NICE: National Institute for Health and Care Excellence - UK body that provides evidence-based guidance on health technologies.

VAC: Value Analysis Committee - Hospital committee that evaluates new products and services for procurement decisions.

PROM: Patient-Reported Outcome Measure - Standardized questionnaire completed by patients to assess their health status.

NPS: Net Promoter Score - Metric measuring patient likelihood to recommend the service to others.

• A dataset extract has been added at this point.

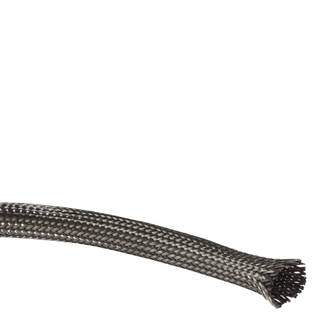 20mm (0.78”) 318g (9.38oz) 3k Lightweight Braided Carbon Fiber Sleeve Thumbnail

RRR: Relative Risk Reduction - Proportional reduction in risk between intervention and control groups.

Sensitivity: True positive rate - Proportion of actual positives correctly identified by a diagnostic test.

Specificity: True negative rate - Proportion of actual negatives correctly identified by a diagnostic test.

QALY: Quality-Adjusted Life Year - Measure combining length and quality of life.

ICER: Incremental Cost-Effectiveness Ratio - Additional cost per additional unit of health outcome.

Version

Version: 1.0
Last Updated: January 2025
Next Review: July 2025

This methodology is regularly reviewed and updated to reflect current best practices in health technology assessment and value-based procurement.